Exercise details:
Where the line containing "Used 2024 Nissan" appears, end the copy there, keeping that line; start from the first line of the entries, copy exactly, and omit pictures.

Image-text web data:
• • • • • • •

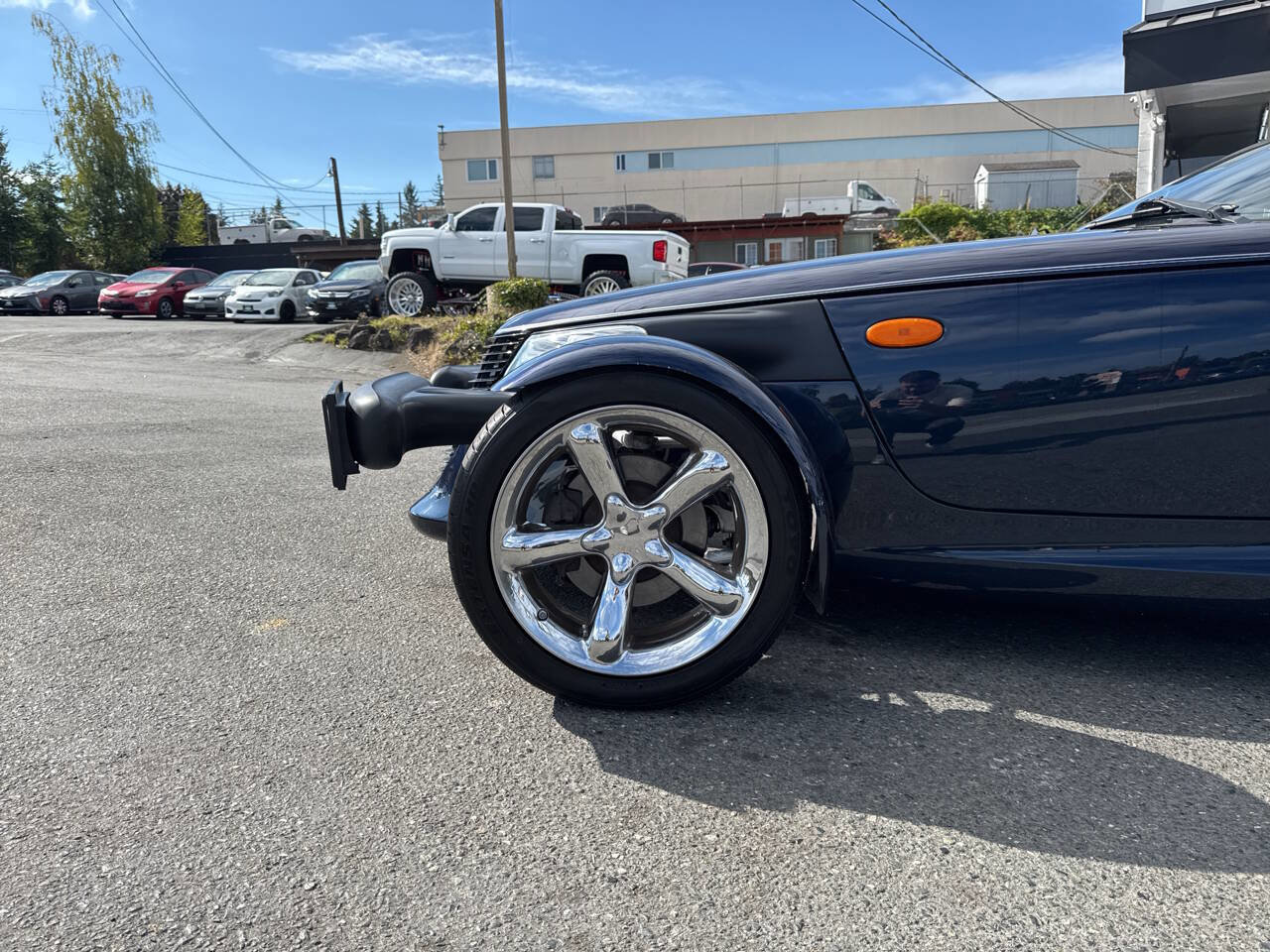 Used 2001 Chrysler Prowler image 2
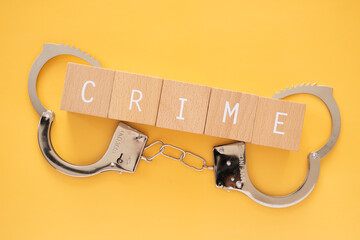 犯罪、逮捕｜「CRIME」と書かれた積み木とおもちゃの手錠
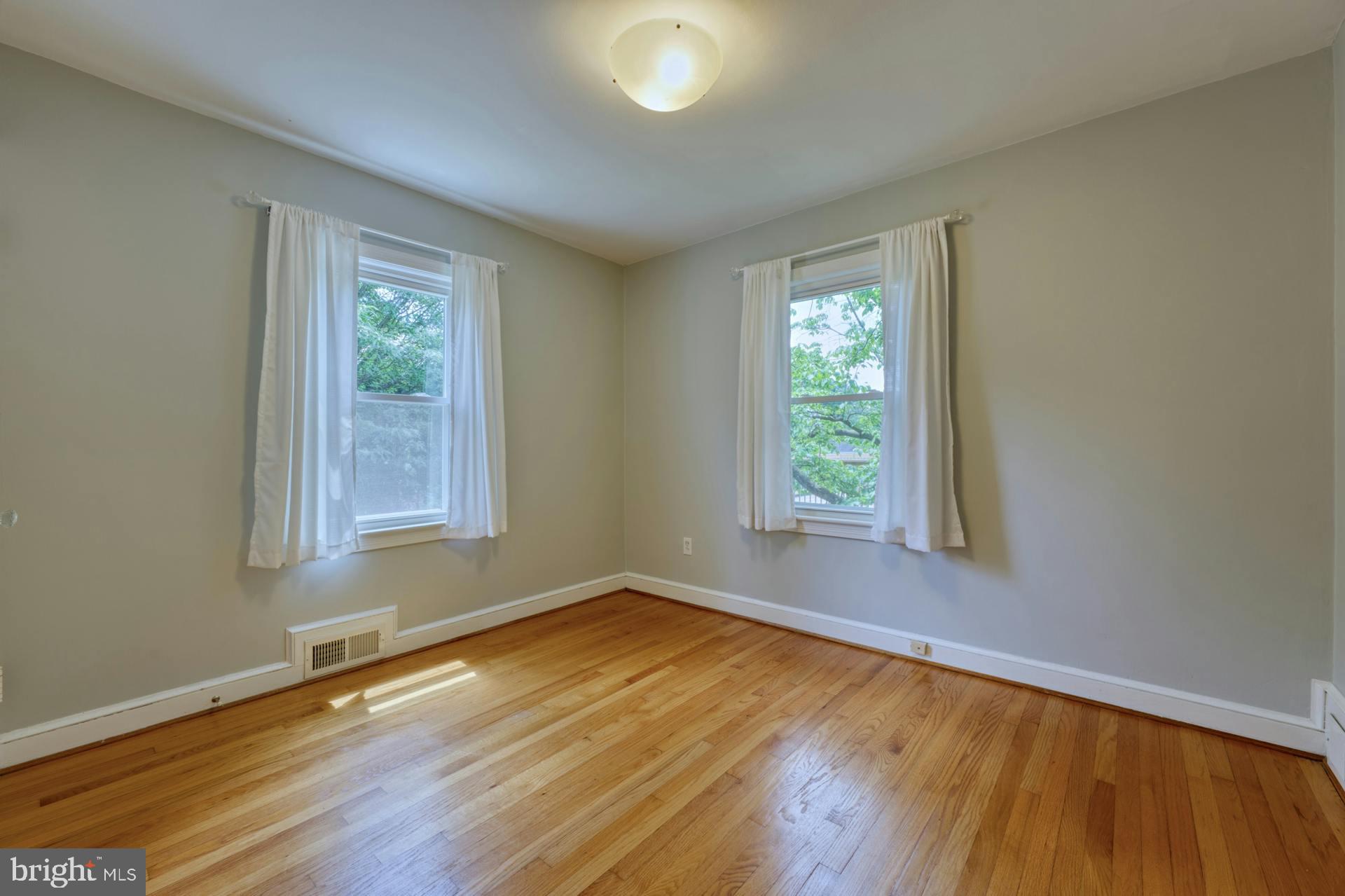 9925 Markham Street Silver Spring, MD 20901 - Photo 15 of 41 Bedroom 1 - Main Level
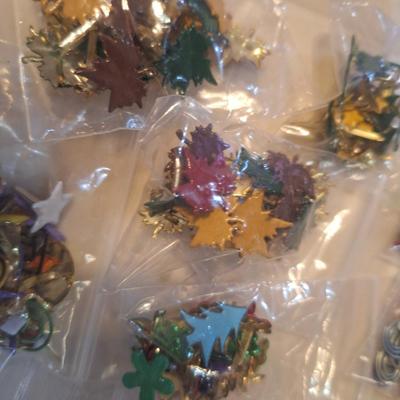 some kind of crafty things, many are metal plate under them not included (it's in next lot).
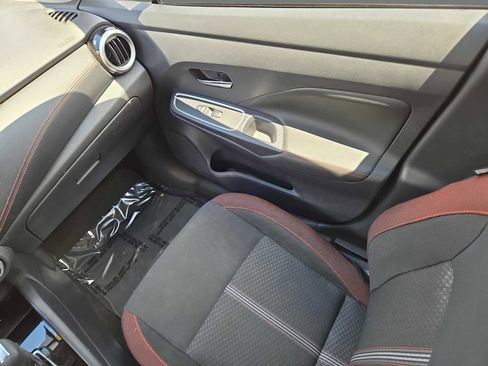 Used 2024 Nissan Versa SR w/ Trunk Package image 12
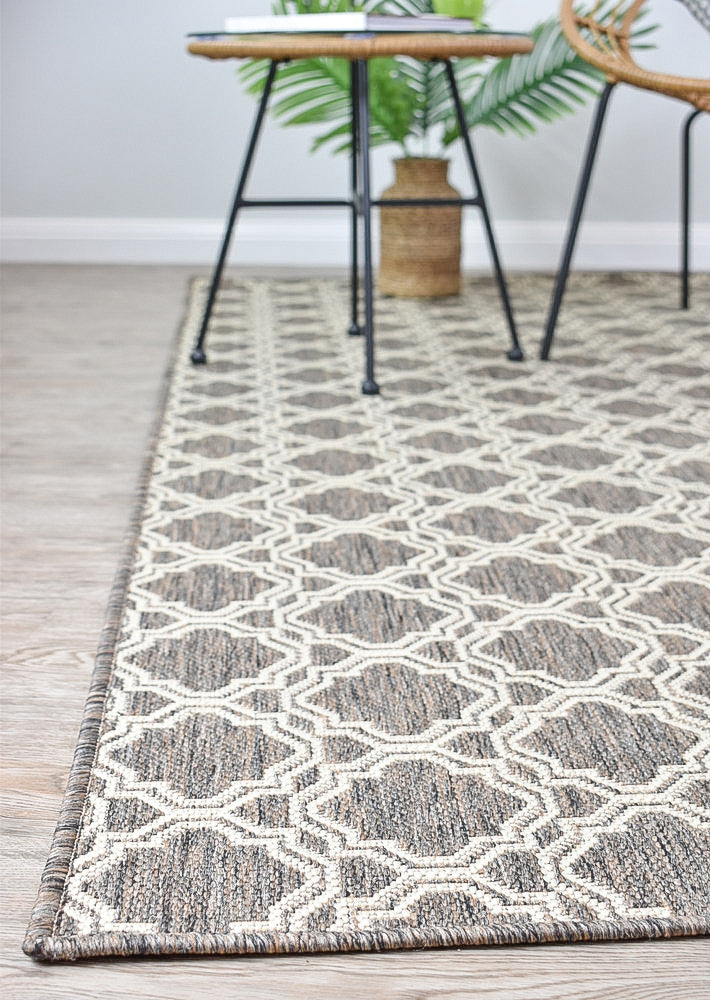 Durable and Washable 9892 - W71E Alaska Beige Polypropylene Rug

• • • • • • •

Task response:
 Used 2001 Chrysler Prowler image 2
 犯罪、逮捕｜「CRIME」と書かれた積み木とおもちゃの手錠
 9925 Markham Street Silver Spring, MD 20901 - Photo 15 of 41 Bedroom 1 - Main Level
 some kind of crafty things, many are metal plate under them not included (it's in next lot).
 Used 2024 Nissan Versa SR w/ Trunk Package image 12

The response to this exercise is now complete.